Zimbabwe faces food shortage

With not enough food to feed all 12.5 million Zimbabweans and funding requirements to provide urgently-needed aid only half met, the United Nations humanitarian arm warned that the situation in the Southern African nation remains acute.

Even with commercial imports, there will be a 180,000 ton cereal deficit for 2009-2010, the UN Office for the Coordination of Humanitarian Affairs (OCHA) said.

According to an assessment by the UN Food and Agriculture Organization (FAO), World Food Program (WFP) and Zimbabwean Government, only 1.4 million tons of cereal will be available domestically, compared to the more than 2 million needed.

Even assuming that 500,000 tons will be imported, there will still be a significant gap, OCHA warned.

The FAO-WFP assessment found that in spite of increased agricultural production this year, with the maize crop to have more than doubled, high food insecurity persists in Zimbabwe. This year’s abundant rainfall has resulted in the amount of maize harvested – 1.14 metric tons – recording a 130 per cent increase over 2008. But study warned that this winter’s wheat harvest is only expected to yield 12,000 tons, the lowest ever, due to the high cost of fertilizers and seeds, farmers’ lack of funds and the unreliable electricity supply for irrigation.
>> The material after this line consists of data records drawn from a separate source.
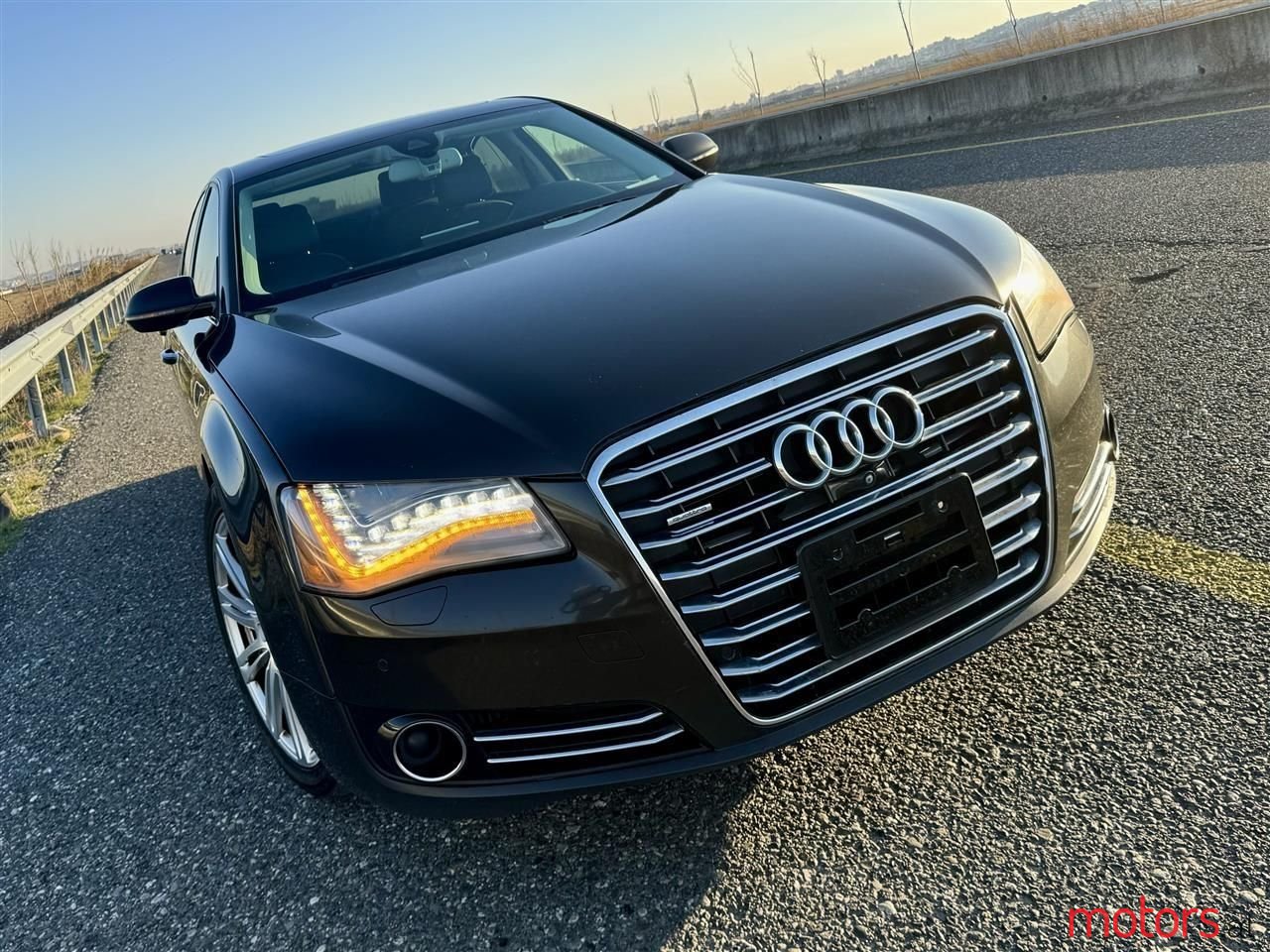 2014' Audi A8 photo #3
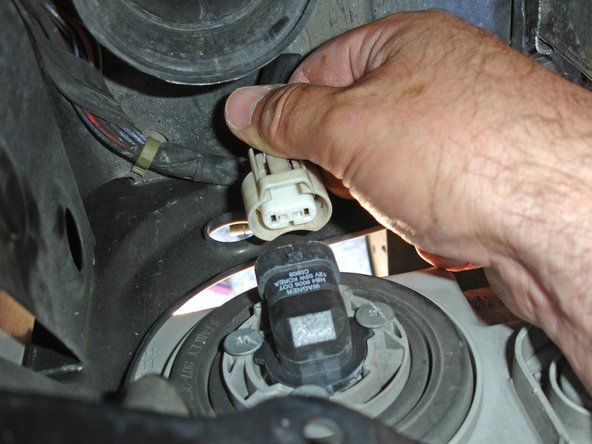 コネクタ上部のレバーを押して真っ直ぐ下に引くと、ヘッドライトコネクタが外れます。' alt=
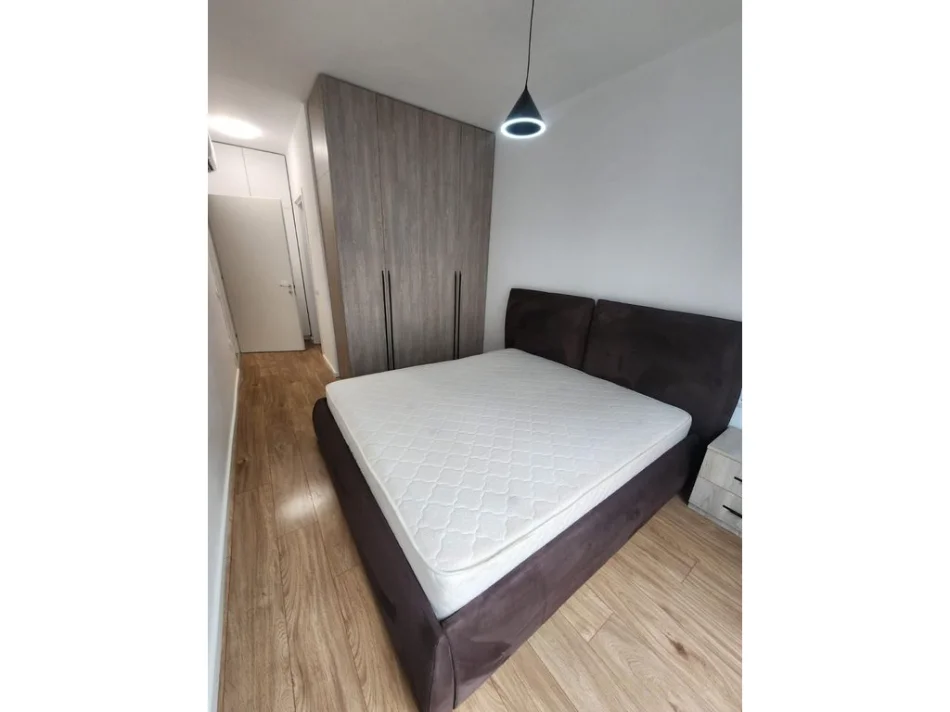 Tirane, jepet me qera apartament 2+1 Kati 4, 113 m² 950 € (kopshti zoologjik)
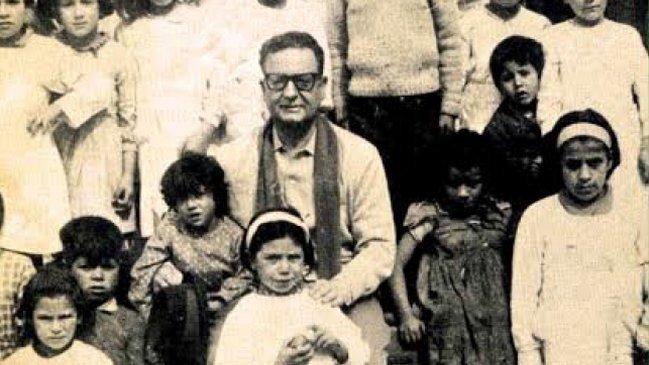 Lanzan libro sobre la Teología de la Liberación en Chile bajo el Gobierno de Allende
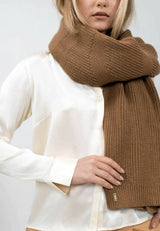 olden-blanket-scarf-doe-6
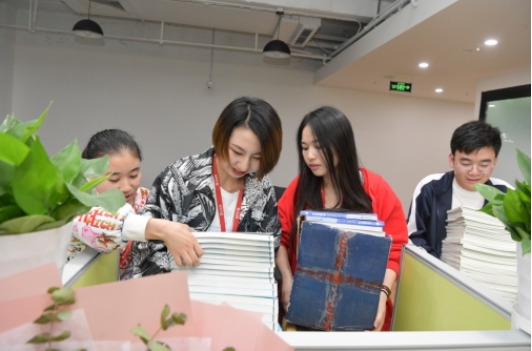 新職業(yè)故事：作業(yè)幫三個(gè)95后輔導(dǎo)老師在成都
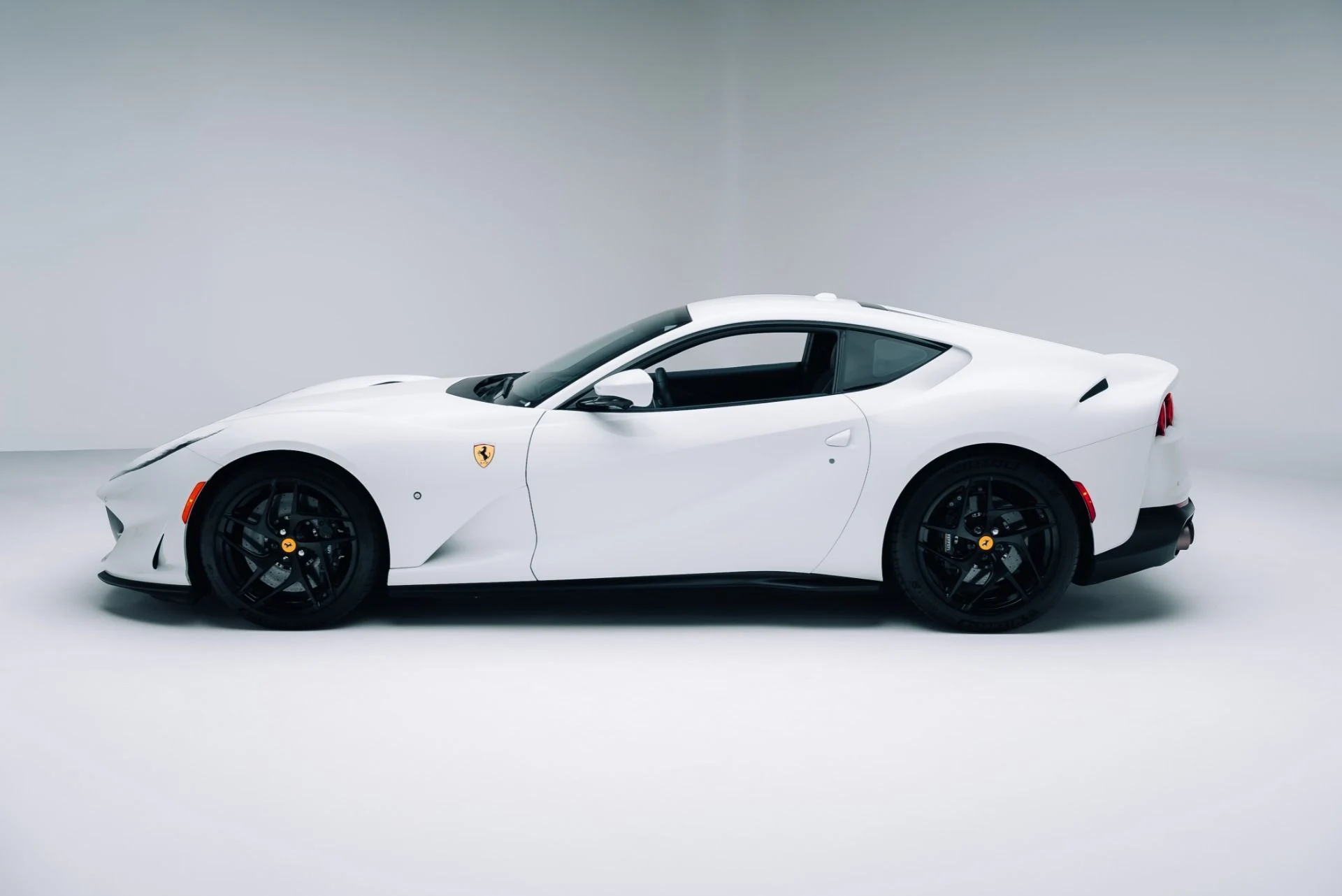 mph014_2368474877_Used_2019_Ferrari_812_Superfast_1787186168_235a9a82f1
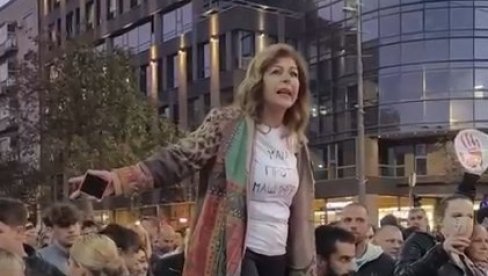 DA LI STE VI NORMALNI?! Blokaderka preti deci i majkama policajaca (VIDEO)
Some 600,000 households will also be receiving agricultural help – supplied by non-governmental organizations (NGOs) and funded by 10 donors – in the form of seeds, legumes and fertilizer, OCHA said today.

FAO suggested that additional resources be channeled into providing top-dressing fertilizer, which is needed later than at seed planting, but cautioned that it must reach farmers before the end of this November.

Only 47 per cent of the $718 million needed to assist Zimbabwe, less than half has been committed to date, OCHA noted.

The funds are intended to boost access to clean water for 6 million people, feed nearly 3 million people and assist 1.5 million children in getting educations.

Currently, 22,000 children under the age of five in Zimbabwe are in need of being treated for severe acute malnutrition, while maternal and child under-nutrition is largely responsible for over 12,000 deaths, or one-third, of all deaths of all under-five children.

OCHA reported today that while no cholera cases or deaths from the disease have been reported in the country since early last month, nearly10,000 cumulative cases and over 4,200 deaths have occurred.

Aid agencies have been preparing for another outbreak by pre-positioning emergency kits around the country.